EXERCISE INSTRUCTIONS - Write out, word for word, the first line of the data below and every line after it through the one containing "标题标签菲律宾制造保证质量 标签贴纸或商标 它制作图案矢量插画".

Short text fragments from websites -
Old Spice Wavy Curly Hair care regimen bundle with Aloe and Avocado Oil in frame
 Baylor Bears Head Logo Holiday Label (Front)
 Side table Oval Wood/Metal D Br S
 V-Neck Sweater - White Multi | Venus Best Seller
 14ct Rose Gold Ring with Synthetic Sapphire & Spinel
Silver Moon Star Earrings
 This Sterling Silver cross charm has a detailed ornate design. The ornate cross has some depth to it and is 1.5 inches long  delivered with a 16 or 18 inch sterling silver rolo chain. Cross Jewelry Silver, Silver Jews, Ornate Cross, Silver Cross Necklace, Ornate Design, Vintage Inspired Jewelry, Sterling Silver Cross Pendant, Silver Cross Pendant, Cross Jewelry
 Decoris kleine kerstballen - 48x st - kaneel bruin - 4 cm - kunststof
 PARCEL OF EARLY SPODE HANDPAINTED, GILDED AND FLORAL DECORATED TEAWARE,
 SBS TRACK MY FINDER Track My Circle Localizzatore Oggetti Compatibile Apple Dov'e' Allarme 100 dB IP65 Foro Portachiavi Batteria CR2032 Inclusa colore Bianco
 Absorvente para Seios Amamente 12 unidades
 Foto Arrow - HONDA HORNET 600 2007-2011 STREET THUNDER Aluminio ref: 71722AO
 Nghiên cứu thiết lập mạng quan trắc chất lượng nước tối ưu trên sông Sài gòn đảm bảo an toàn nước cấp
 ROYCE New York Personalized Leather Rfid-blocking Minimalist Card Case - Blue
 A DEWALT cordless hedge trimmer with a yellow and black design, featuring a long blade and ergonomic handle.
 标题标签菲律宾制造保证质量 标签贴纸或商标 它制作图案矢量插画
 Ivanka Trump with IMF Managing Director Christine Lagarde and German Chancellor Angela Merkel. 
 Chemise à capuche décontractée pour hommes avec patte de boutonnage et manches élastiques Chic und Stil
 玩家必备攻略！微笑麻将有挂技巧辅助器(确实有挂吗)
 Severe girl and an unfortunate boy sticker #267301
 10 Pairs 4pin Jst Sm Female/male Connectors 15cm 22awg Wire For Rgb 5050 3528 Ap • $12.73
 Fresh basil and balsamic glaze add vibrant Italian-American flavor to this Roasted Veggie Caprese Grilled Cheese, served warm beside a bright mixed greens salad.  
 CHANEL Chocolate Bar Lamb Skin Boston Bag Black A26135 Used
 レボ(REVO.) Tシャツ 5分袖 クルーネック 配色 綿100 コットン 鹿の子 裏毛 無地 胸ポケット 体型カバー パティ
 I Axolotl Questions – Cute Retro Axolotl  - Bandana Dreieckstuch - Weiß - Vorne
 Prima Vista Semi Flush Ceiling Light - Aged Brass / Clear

PROBLEM SOLUTION -
Old Spice Wavy Curly Hair care regimen bundle with Aloe and Avocado Oil in frame
 Baylor Bears Head Logo Holiday Label (Front)
 Side table Oval Wood/Metal D Br S
 V-Neck Sweater - White Multi | Venus Best Seller
 14ct Rose Gold Ring with Synthetic Sapphire & Spinel
Silver Moon Star Earrings
 This Sterling Silver cross charm has a detailed ornate design. The ornate cross has some depth to it and is 1.5 inches long  delivered with a 16 or 18 inch sterling silver rolo chain. Cross Jewelry Silver, Silver Jews, Ornate Cross, Silver Cross Necklace, Ornate Design, Vintage Inspired Jewelry, Sterling Silver Cross Pendant, Silver Cross Pendant, Cross Jewelry
 Decoris kleine kerstballen - 48x st - kaneel bruin - 4 cm - kunststof
 PARCEL OF EARLY SPODE HANDPAINTED, GILDED AND FLORAL DECORATED TEAWARE,
 SBS TRACK MY FINDER Track My Circle Localizzatore Oggetti Compatibile Apple Dov'e' Allarme 100 dB IP65 Foro Portachiavi Batteria CR2032 Inclusa colore Bianco
 Absorvente para Seios Amamente 12 unidades
 Foto Arrow - HONDA HORNET 600 2007-2011 STREET THUNDER Aluminio ref: 71722AO
 Nghiên cứu thiết lập mạng quan trắc chất lượng nước tối ưu trên sông Sài gòn đảm bảo an toàn nước cấp
 ROYCE New York Personalized Leather Rfid-blocking Minimalist Card Case - Blue
 A DEWALT cordless hedge trimmer with a yellow and black design, featuring a long blade and ergonomic handle.
 标题标签菲律宾制造保证质量 标签贴纸或商标 它制作图案矢量插画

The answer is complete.